Mission Related Investment (MRI)” is where a foundation invests some or all of its endowment in ways that not only provide a financial return, but also advance the organization’s mission.  For example:

  • Providing loans for affordable housing that wouldn’t otherwise be built
  • Providing capital for microfinance loans

By using the whole (or a large chunk) of their endowment on projects related to their mission, they can have a larger impact than just using the interest that is paid out (even if non-MRI investments earn a slightly higher return.)

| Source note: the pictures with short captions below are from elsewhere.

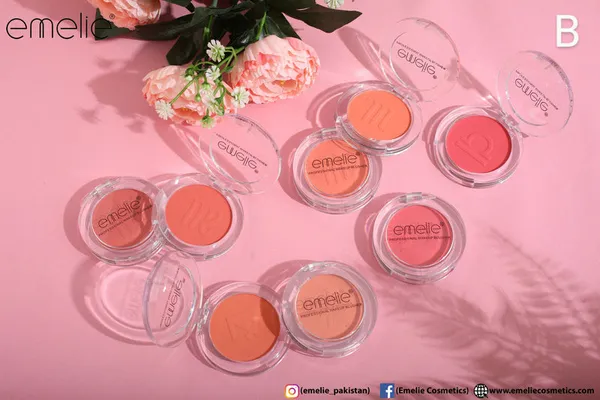 Professional Makeup Blusher
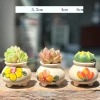 Chậu gốm sứ mini CHAUM28 hoa vàng - Trang trí bàn, sen đá, cây cảnh cute, chỉ 38.000₫ 2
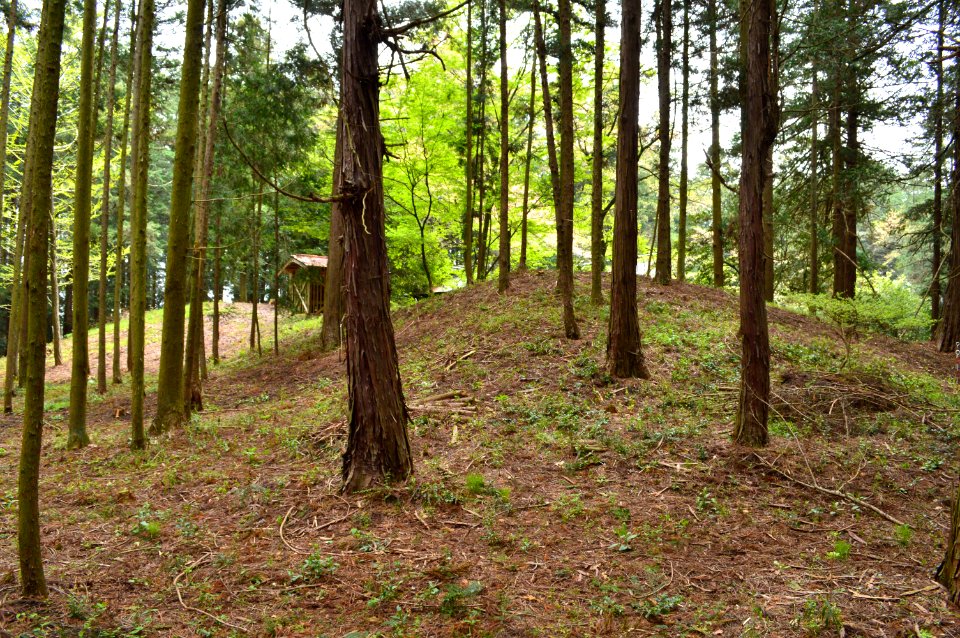 Kokubunji Atagozuka Kofun zenkei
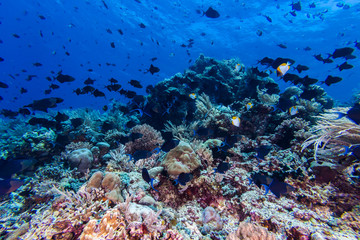 Fototapeta na wymiar Redtooth Triggerfish in Coral Reef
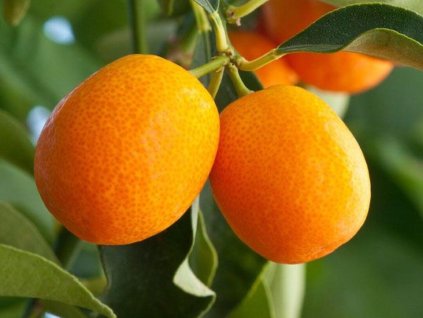 Kumquat 'Meiwa'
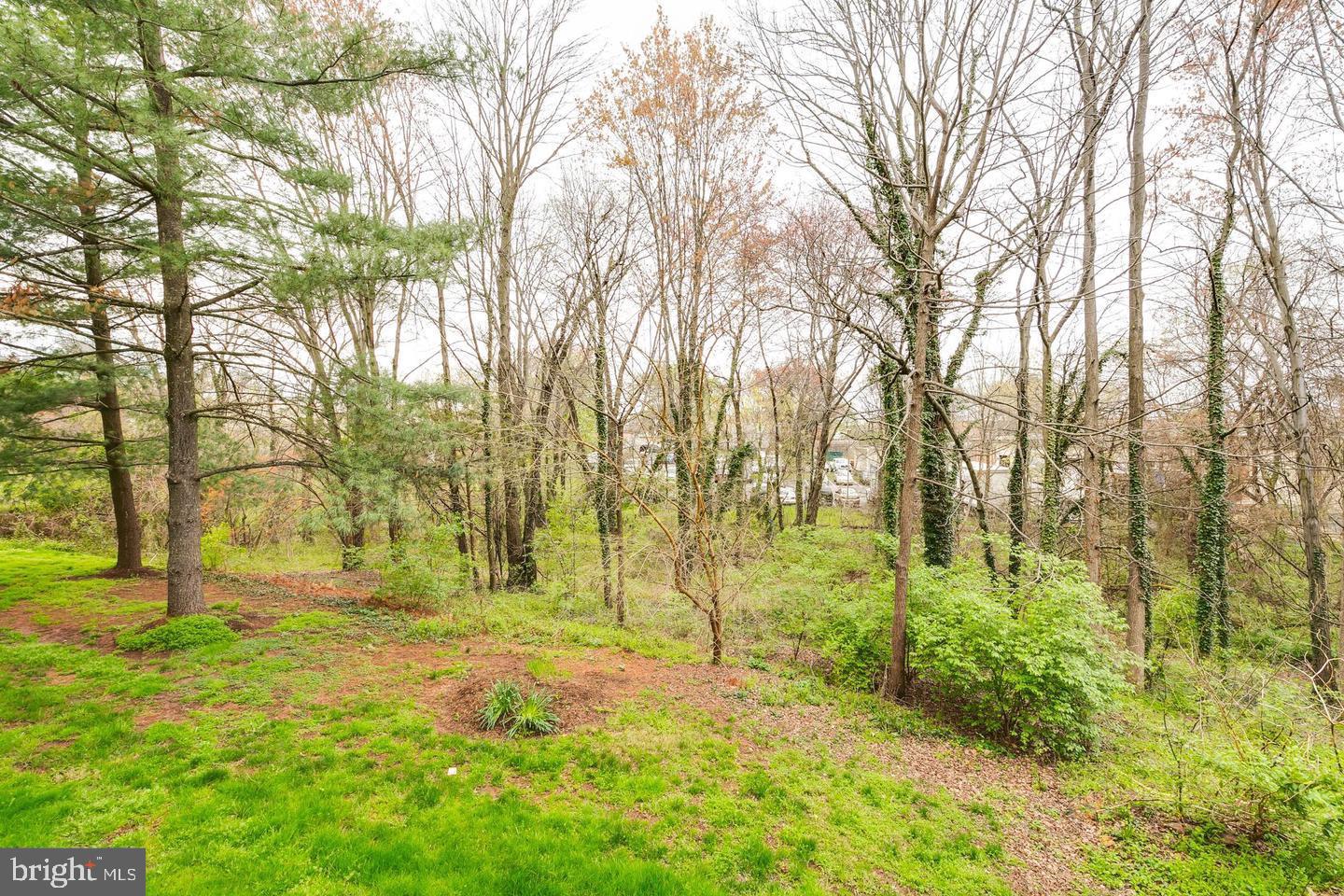 8393 Buttress Ln #202 Property Photo 14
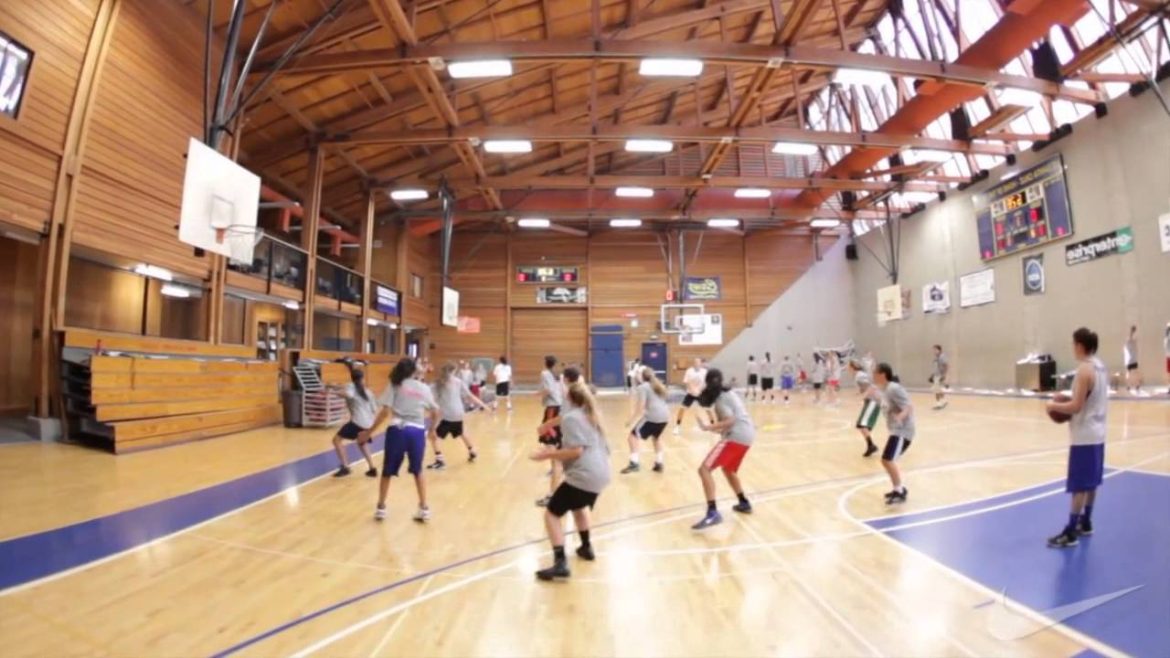 Basketball Training
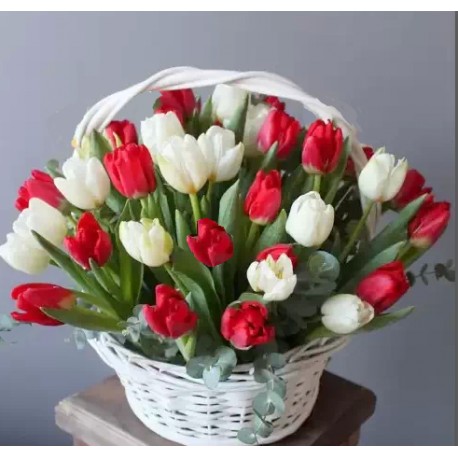 Cos lalele multicolore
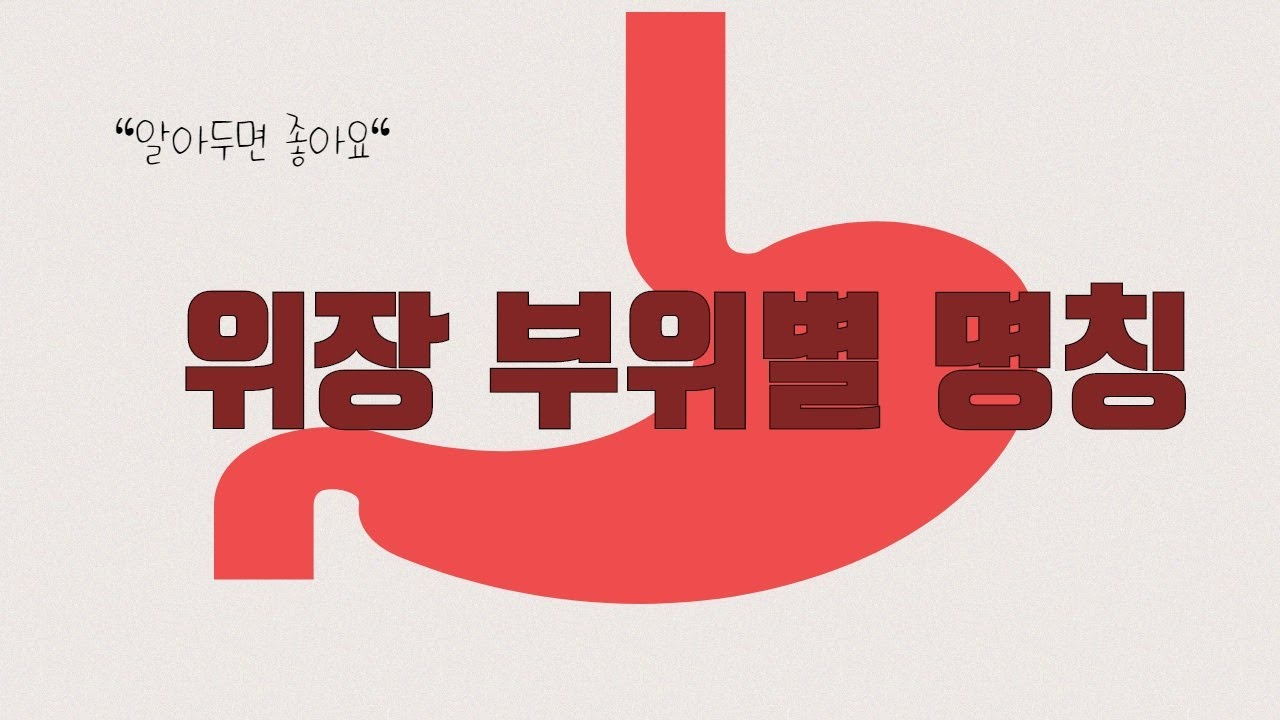 위장 부위별 명칭 설명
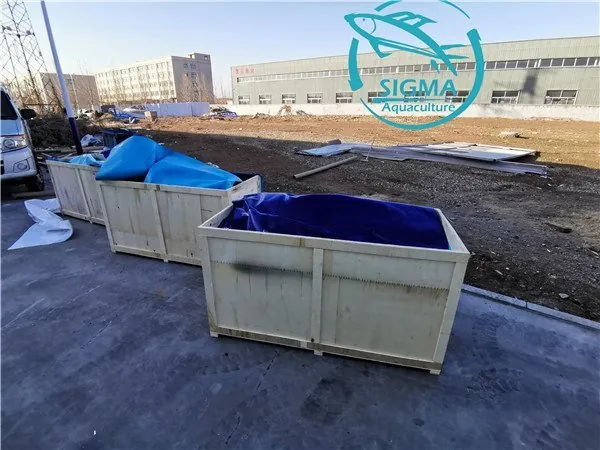 Biofloc tilapia tank export to japfa group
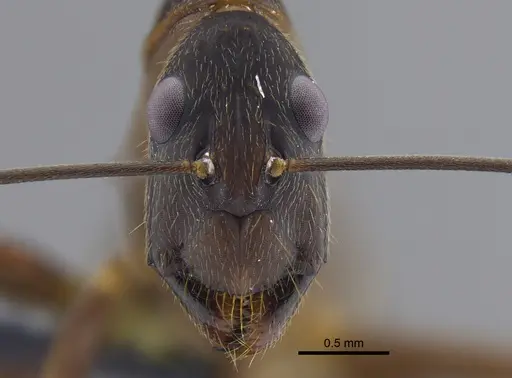 Camponotus ager - CBUMAGENT41799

This made sense to me in the context of a foundation, but I was stopped short recently when I was asked why I don’t do it personally.   Part of my mission is offering the least well off people around the world conditions that enable them to improve their lot.  Economic opportunity through microcredit is one of the key tools to make that happen.  I support some microfinance projects with my donations, but I never really considered making “mission related investments” to use the money I have to greater effect.   This has started me off on a new direction of reading and research, and my thinking is slowly starting to crystallize.

If I waited until I got it all sorted out, I would probably never finish the post, and it would be too long for anyone to read, so I’ll aim to publish shorter pieces (which will probably still be too long), get them out there more quickly (I’ve been sitting on this one in draft form for more than 2 weeks already), and edit as my understanding is refined further.